オフライン環境で、暗号化されたパスワードを使ってGolden Ticketを作成します。
この作業にもMimikatzが使えます。

  • STEP4.Golden Ticketを使ってアクセスし、攻撃する

Golden Ticketを使えば、偽の認証情報で組織内の任意のサービスやファイルにアクセスできるようになり、攻撃を開始できます。
Golden Ticketの有効期限は通常10時間ですが、オプション設定で10年間といった長期の有効期限を設定することもできるため、長期間にわたるアクセスや攻撃に繋がります。

攻撃の対策

  • 対策1.多要素認証などでユーザーアカウントを保護する

ログインやアクセス時に2つ以上の認証要素を要求する多要素認証などで、セキュリティ強度を高め、不正アクセスを防ぎます。

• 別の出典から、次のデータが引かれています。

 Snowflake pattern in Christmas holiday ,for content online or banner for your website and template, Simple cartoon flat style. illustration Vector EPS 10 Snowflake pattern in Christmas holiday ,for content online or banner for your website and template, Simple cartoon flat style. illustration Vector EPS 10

  • 対策2.KRBTGTアカウントを定期的に更新する

少なくとも年に1回は、KRBTGTアカウントの更新や、パスワード変更を行います。
KRBTGTアカウントのパスワードを2回連続で更新することで、Golden Ticketを無効化することができます。

  • 対策3.ドメインコントローラーのログの監視

Active Directory特有の攻撃を受けていないか、ログを監視します。
適切なログの監視ができれば、攻撃の兆候を検知することも可能です。

このように、一度Active Directoryへの侵入を許してしまうと、長期間アクセスされ、攻撃され続ける危険があります。
そのため、ひとつひとつのセキュリティ対策を確実に実装し、継続して監視し続ける必要があります。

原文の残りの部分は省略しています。